Jason Aldean has stated "The Truth" is his favorite song from the Wide Open album.

==Critical reception==
The song has received generally positive reviews from music critics. Sam Gazdziak of Engine 145 gave it a thumbs-up, saying that the song "may be the most country-sounding song he’s ever released," also making note of Aldean's "understated vocal." Bobby Peacock of Roughstock gave the song a positive review, saying that its production was "dialed down" and more neotraditionalist in sound, compared to Aldean's more rock music-influenced songs such as "She's Country." He also viewed Aldean's vocal performance favorably.

==Music video==
The music video, directed by Deaton-Flanigen Productions, premiered to CMT on November 10, 2009. The video pictures Aldean mailing a letter, then getting on a bus. He gets off at a motel (Drake Motel in downtown Nashville) and checks in, then goes out to sit by the pool as some people come outside to the pool, including some kids to swim, until it starts raining, and Aldean stays there and continues singing. Even though the video is supposed to have a summer-like setting, it was actually filmed on a cold day in October, according to Aldean on a segment on CMT's Top 20 Countdown with Lance Smith back in late 2009.

==Chart performance==
On the week ending November 21, 2009, "The Truth" debuted at No. 91 on the Billboard Hot 100 and moved up the following week to #78. It has since reached a peak of #40. It became his fourth number one song on the U.S. Billboard Hot Country Songs chart week of February 6, 2010. at No. 86 on Canadian Hot 100 chart for the week of March 4, 2010.
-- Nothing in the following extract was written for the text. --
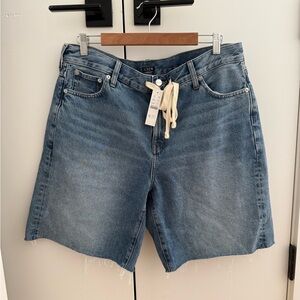 NWT jcrew Bermuda tie denim shorts - size 31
| Chart (2009–2010) | Peak position |
|---|---|
| Canada Country (Billboard) | 1 |
| Canada Hot 100 (Billboard) | 79 |
| US Billboard Hot 100 | 40 |
| US Hot Country Songs (Billboard) | 1 |

===Year-end charts===

| Chart (2010) | Position |
|---|---|
| US Country Songs (Billboard) | 32 |

==Certifications==

| Region | Certification | Certified units/sales |
| United States (RIAA) | Platinum | 1,000,000^{‡} |
^{‡} Sales+streaming figures based on certification alone.